Conclusion, Investment Implications, Strategy

The SPDR Gold Shares ETF (GLD) gapped lower on Monday morning, moving below our 174.66 stop loss level right at the opening but stopped on a dime at its 200-day moving average, a widely-watched major trend proxy currently at 172.82 and immediately bounced higher.  For that reason, we did not execute our stop lossIf your stop was triggered, however, you still ended up with a 3.1% gain while GLD simultaneously outperformed the S&P 500 (SPY) by 1.6%.  We have atypically lowered our stop to yesterday’s low of 172.95 and will exit the trade immediately should it be hit.

Introduction

In our Apr 21st Special Report entitled Gold ETF (GLD) Bottoming? we pointed out an emerging buying opportunity in the SPDR Gold Shares (GLD) ETF, which had just made a minor bullish trend change amid expanding investor asset flows.  GLD subsequently moved by as much as 7.0% higher on Jun 1 before retracing some of those gains over the past 2 weeks.

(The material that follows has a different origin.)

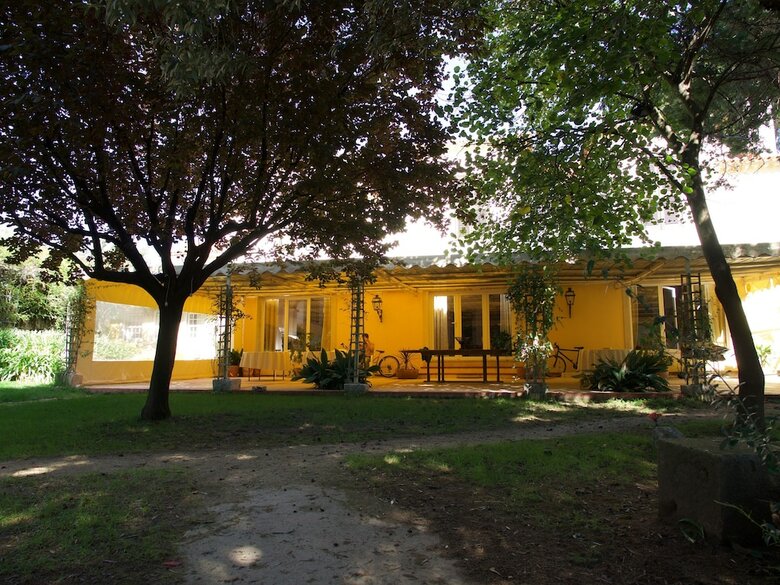 Agroturismo Casa Dos Arr�bidos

GLD gapped lower on Monday morning, moving below our 174.66 stop loss level right at the opening but stopped on a dime at its 200-day moving average, a widely-watched major trend proxy currently at 172.82 and immediately bounced higher.  For that reason, we did not execute our stop loss and, as of the open this morning, GLD is trading unchanged from yesterday’s close.

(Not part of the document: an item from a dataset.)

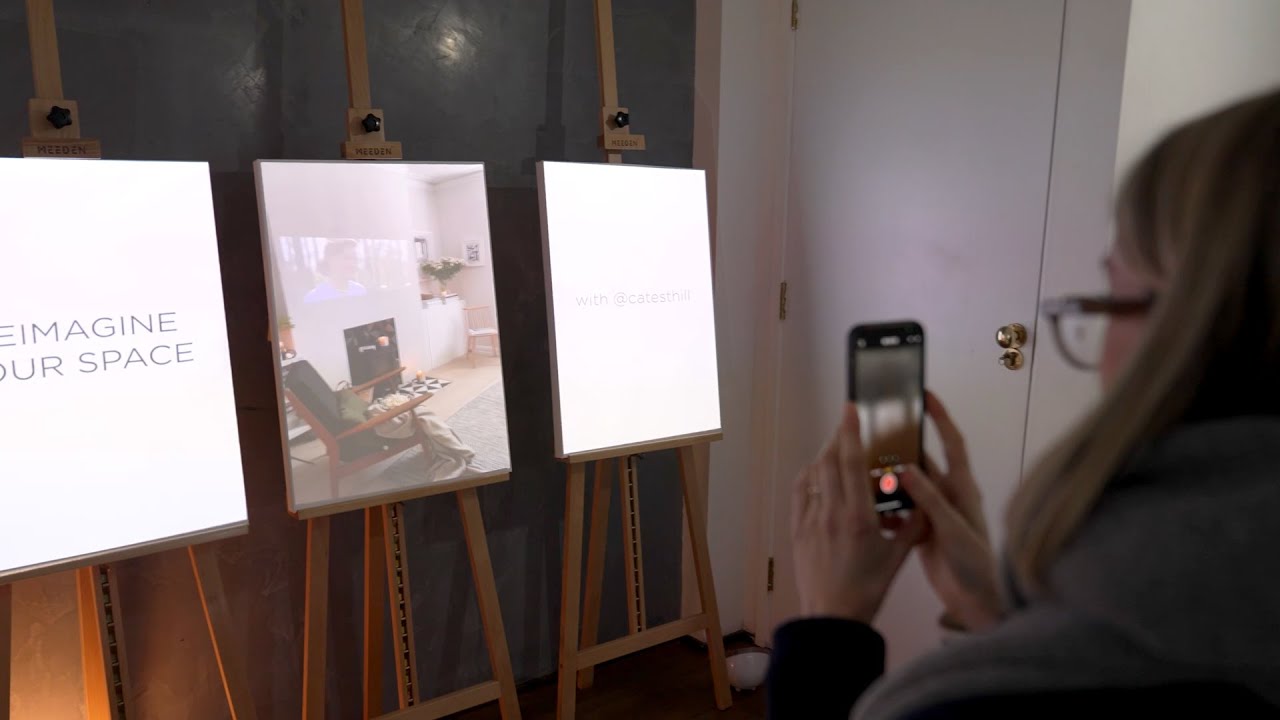 Reimagine Your Space | Networking Event | ViewSonic UK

If your stop was triggered, however, you still ended up with a 3.1% gain while GLD simultaneously outperformed the S&P 500 (SPY) by 1.6%.  We have atypically lowered our stop to yesterday’s low of 172.95 and will exit the trade immediately should it be hit.

Sink Or Swim Time For GLD

The upper panel of Chart 1 below plots GLD daily since January along with its 200- and 50-day moving averages, widely-watched major and minor trend proxies.  The lower panel plots the daily total net assets invested in gold along with their 21-day (monthly, our Tactical time frame), moving average. 

Chart 1

The red ellipse in the upper panel highlights yesterday’s one-day positive response to a test of the 200-day MA.  Meanwhile, the red ellipse in the lower panel shows that the total net assets invested in GLD coincidentally dipped just slightly below their 21-day MA yesterday.  This means GLD must resume its recent advance immediately, within the next day or two, and on expanding assets, if it is still valid

However, should these assets continue to contract, we will exit our long idea — regardless of where price is — and close out the idea for a profit.